Thirty-four colleges audited recently by the Internal Revenue Service underpaid their taxes on unrelated business income by nearly $90-million, and nearly 20 percent of the private colleges in the group violated rules for nonprofit organizations in determining the compensation of their chief executives, according to a final report issued on Thursday by the federal agency.
The audits followed up on a 42-page tax questionnaire that the IRS sent nearly five years ago to some 400 public and private colleges. The questionnaire required them to report a wide variety of financial data, including what they spent on perks like housekeeping services for executives, and their income and losses on business activities, like catering services and travel tours, that are not directly related to their higher-education mission.
The goal of the questionnaire was to examine potential discrepancies between colleges’ financial activities and what they reported to the government.
The agency has now issued a final analysis of that questionnaire, focusing largely on unrelated-business income and executive compensation at the 34 colleges that were audited after submitting their questionnaires.
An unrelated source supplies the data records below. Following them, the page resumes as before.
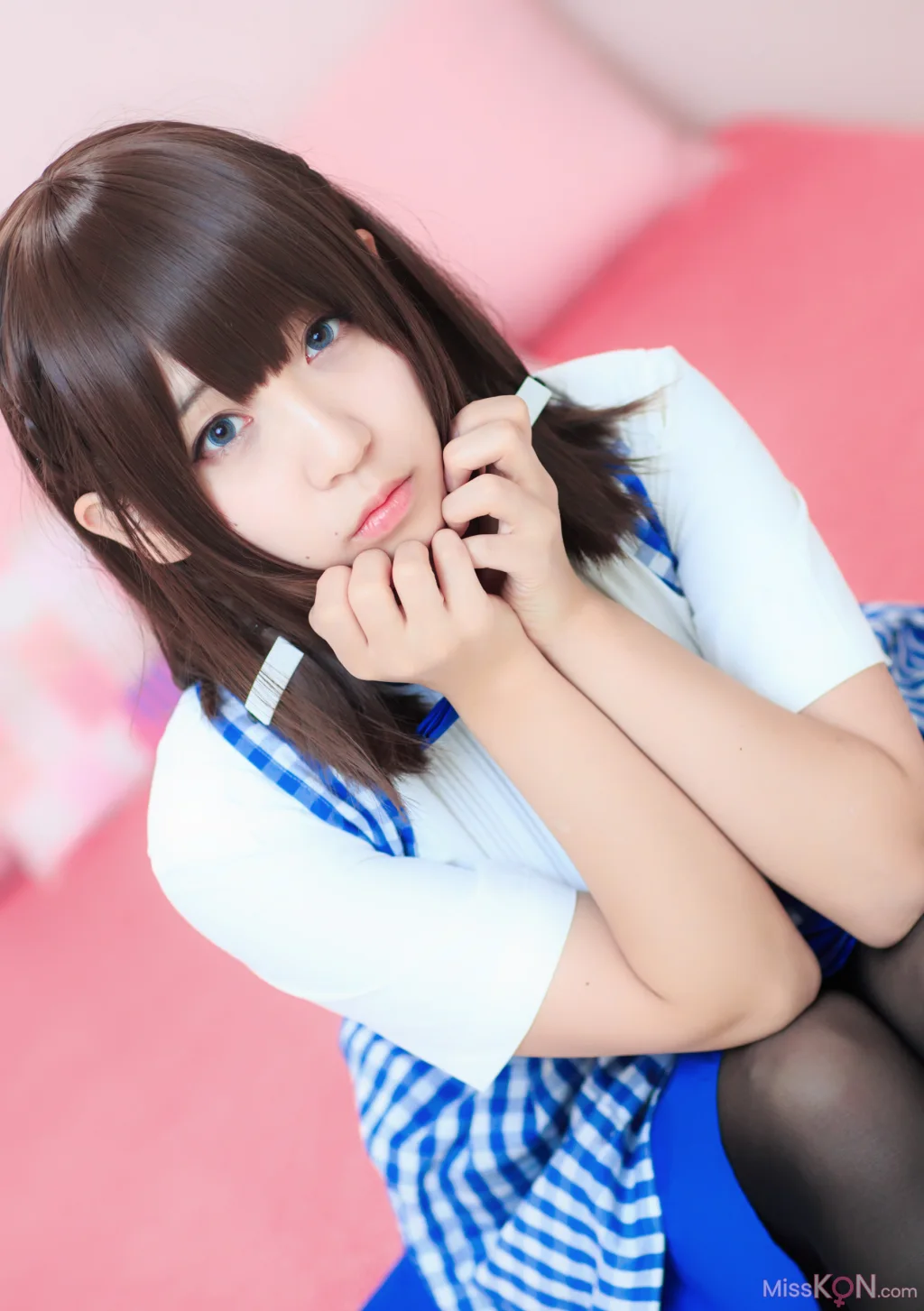 [JP] Moe Iori (伊織萌): 月曜日のあの子 (209 photos) – Page 4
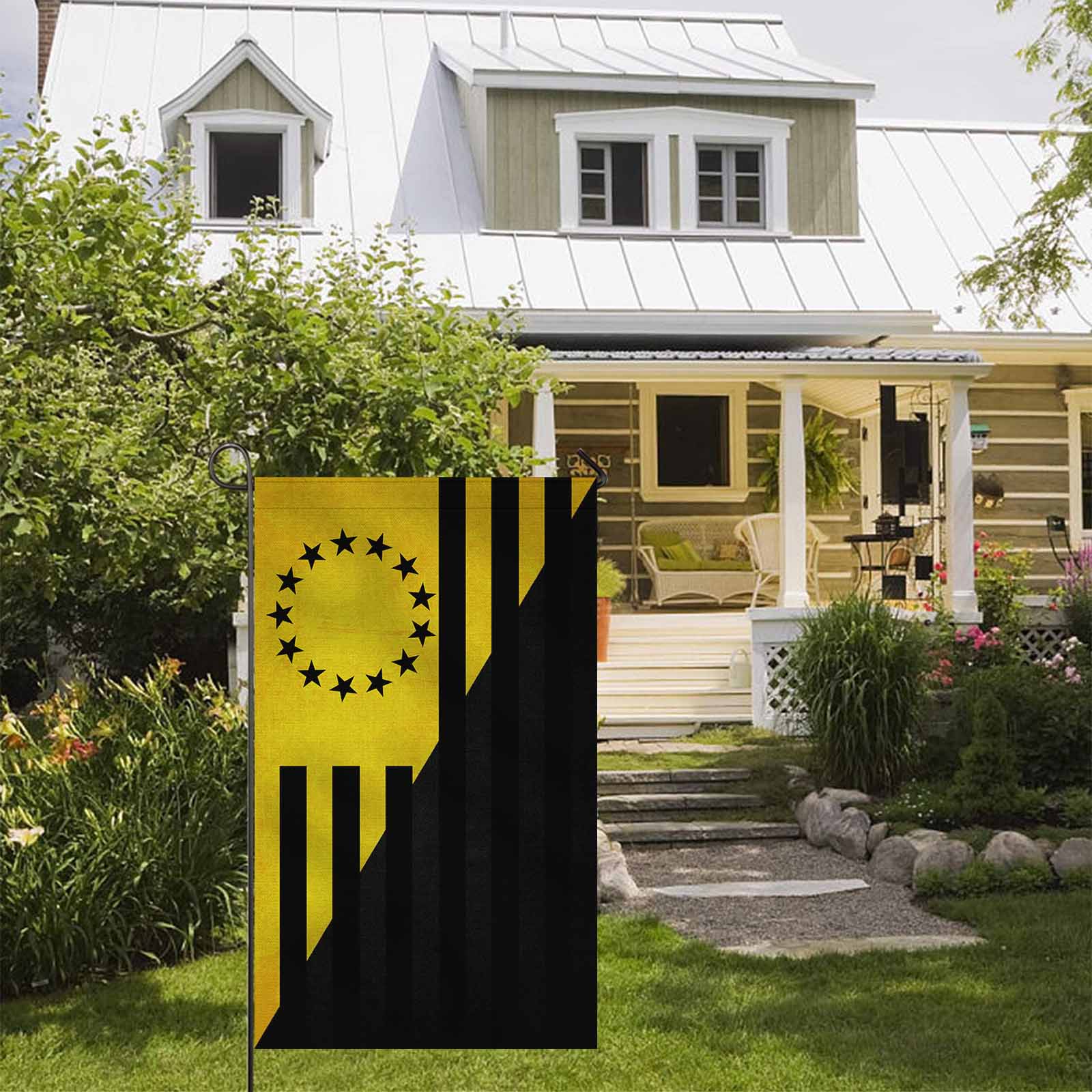 ANCAP 13 star Two Sided Flag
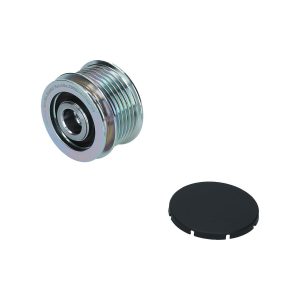 Fulie alternator KAMOKA RC003 LAND ROVER 110/127 (LDH) 2,495 cmc (12 J) diesel 69 KAMOKA RC003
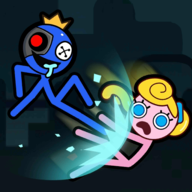 Stick Fight Battle 2.5.0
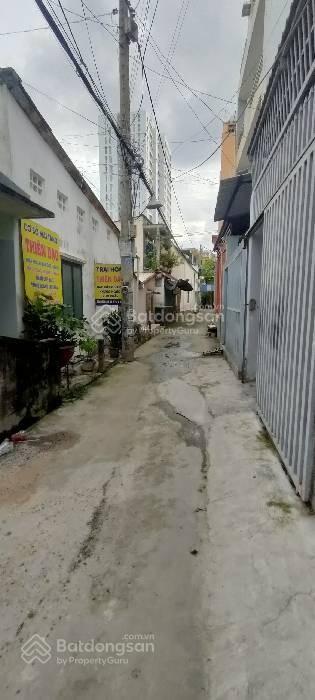 Bán gấp nhà riêng tại hồ văn tư, trường thọ, thủ đức, 5 tỷ, 48m2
Among the colleges selected for audits, which were not named in the report, the IRS found more than 180 errors in reporting revenue or losses on business income from activities not related to the institution’s academic mission, such as recreation or fitness centers, sports camps, facility rentals, and golf courses.
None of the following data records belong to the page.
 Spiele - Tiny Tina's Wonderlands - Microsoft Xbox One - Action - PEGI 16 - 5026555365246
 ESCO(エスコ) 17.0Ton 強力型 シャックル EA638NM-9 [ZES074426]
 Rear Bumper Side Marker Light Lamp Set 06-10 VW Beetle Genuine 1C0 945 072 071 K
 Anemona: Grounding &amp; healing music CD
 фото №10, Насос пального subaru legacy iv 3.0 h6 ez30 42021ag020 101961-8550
The reporting errors resulted in a total of nearly $90-million in additional taxes for the colleges that were audited, the report says, because they had counted losses from activities that did not qualify as a business or trade, or because they had counted expenses not connected to the unrelated business.
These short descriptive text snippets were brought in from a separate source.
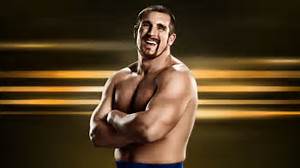 Mojo Rawley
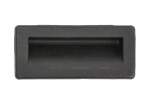 TOPRAN 120 025 / rear door handle (external) fits: audi a4 b9, seat tarraco, skoda octavia iii, superb iii, yeti, vw atlas, caddy alltrack iv, caddy iv, tiguan, touran 1.0-3.6 05.09-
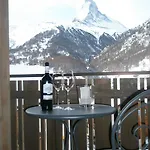 Apartment Haus Leopold Zermatt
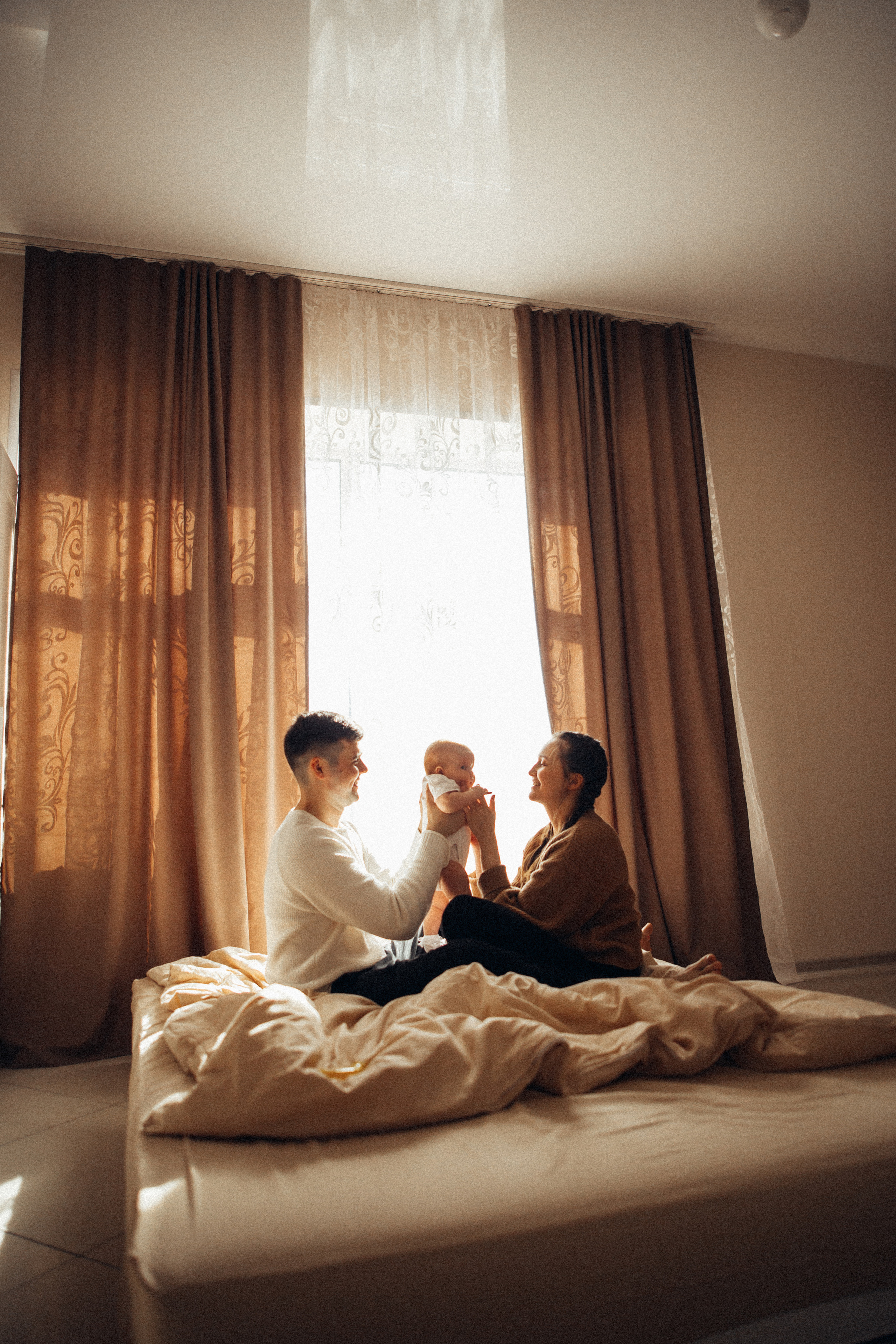 FAMILY. Семейный и свадебный фотограф в Екатеринбурге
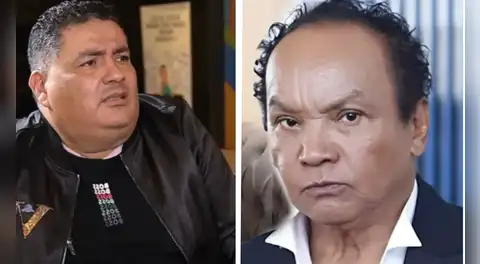 Melcochita critica a Alfredo Benavides por cuestionar a JB tras su salida a Panamericana: “Un hermano no debe envidiar”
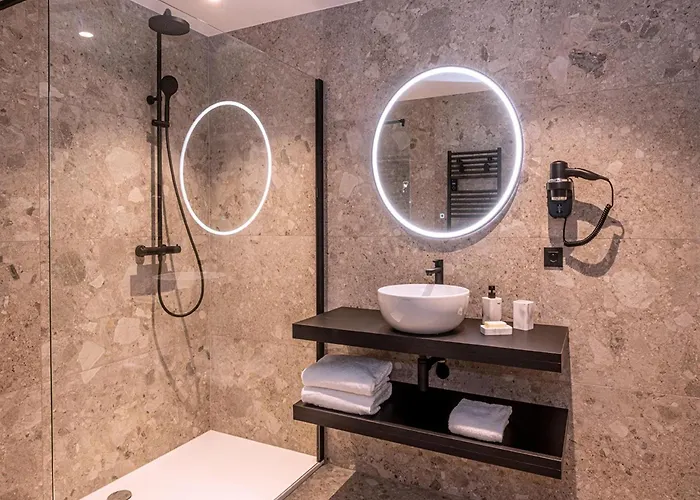 Вилла In Ardennes Near Durbuy And Nature Trails *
Among the private colleges that were audited, nearly 20 percent failed to follow tax rules requiring them to compare the compensation of their top employees to that of similar officials at appropriate peer institutions. Most colleges attempted to conduct such comparisons, the report says, but they relied on figures from the wrong kind of institution or didn’t consider whether the salary comparison included other kinds of compensation.
The perception that college presidents are overpaid, particularly at a time of rising tuition and economic distress, has made higher-education institutions a potent political target.
The audits, the report says, “identified some significant issues ... that may well be present elsewhere across the tax-exempt sector.”
The report warns that the agency will look more broadly at unrelated-business ventures and “ensure, through education and examinations, that tax-exempt organizations are aware of the importance of using appropriate comparability data when setting compensation.”